In Watkins v. United States the Supreme Court ruled, “There is no general authority to expose the private affairs of individuals without justification in terms of the functions of the Congress...[n]or is the Congress a law enforcement or trial agency. ... [An] inquiry...must be related to, and in furtherance of, a legitimate task of the Congress.”
The hearing is an obvious attempt to embarrass the president and preemptively undercut any goodwill his peacemaking with North Korea might generate.
The title of the hearing is simply, “Hearing with Michael Cohen.” This hardly meets the standards written by Chief Justice Earl Warren in Watkins v. United States.
Furthermore, Michael Cohen still has a duty and obligation to maintain the attorney-client privilege with Mr. Trump. The privilege can only be waived by the client and is not transferable between the executive branch and the legislative branch. What exactly is Michael Cohen going to answer questions about? Is he going to explain to Congress how he lied to Congress?
It should be further noted that this hearing was scheduled after the White House had previously announced President Trump would be meeting in Vietnam with North Korean leader Kim Jong Un that same day.
The fiasco that is sure to ensue as Congress hears from this witness seems to serve only one purpose: a public flogging of the president as he meets with Kim Jong Un about one of the most promising foreign policy initiatives of his presidency – ending a serious nuclear threat to the United States.
The hearing is an obvious attempt to embarrass the president and preemptively undercut any goodwill his peacemaking with North Korea might generate. One has to wonder why, of all the days available on the calendar, the Democrats selected this particular day, undermining the long-standing tradition of avoiding such proceedings while a president is overseas.

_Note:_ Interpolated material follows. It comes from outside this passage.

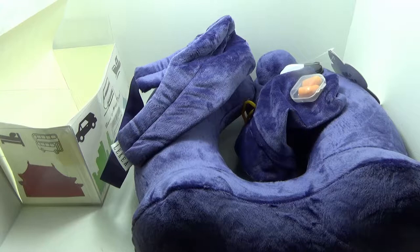All right, guys, so just a quick look at another one of the travel-type pillows. You can also, of course, use this at home or wherever you need it.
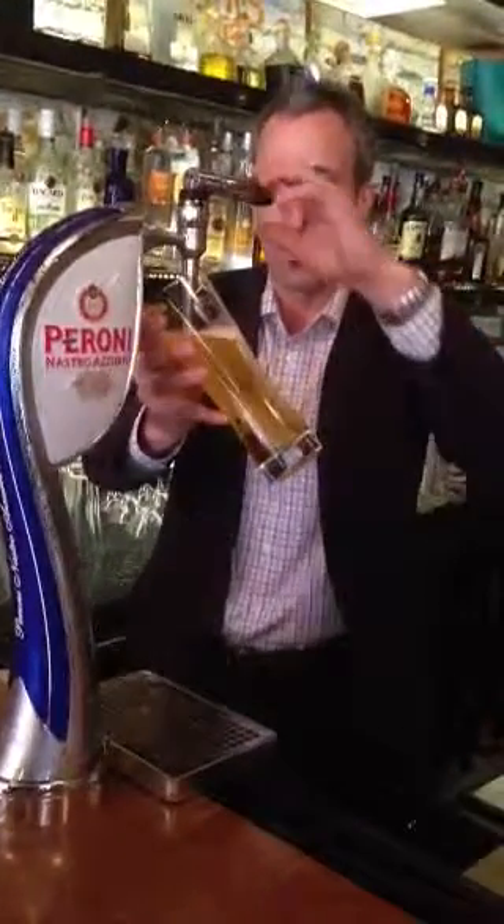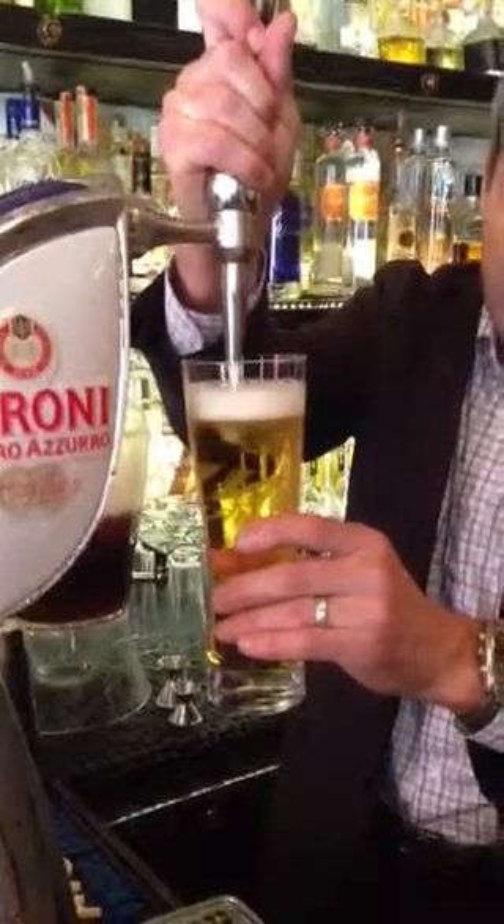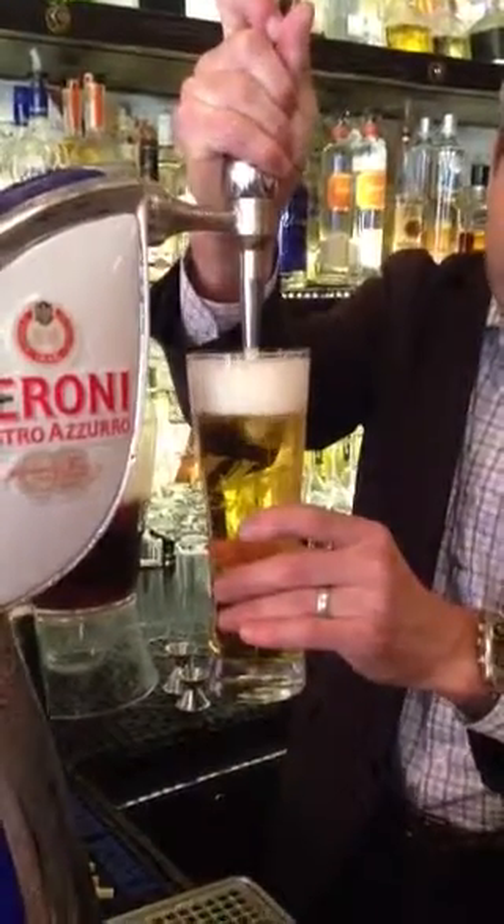We're going to demonstrate a two-part pour today. You actually stop the glass and then edge it — just crack it a little bit to provide a nice, dense foam.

With all the problems and challenges facing our government, the choice of Michael Cohen as the first major hearing of the new majority on the House Oversight Committee does not instill confidence.
Questioning a disgraced witness on his way to jail – one who has already admitted lying to Congress – is not only inappropriate, it is a nakedly political overreach by a committee preoccupied with relitigating the 2016 election rather than improving public policy.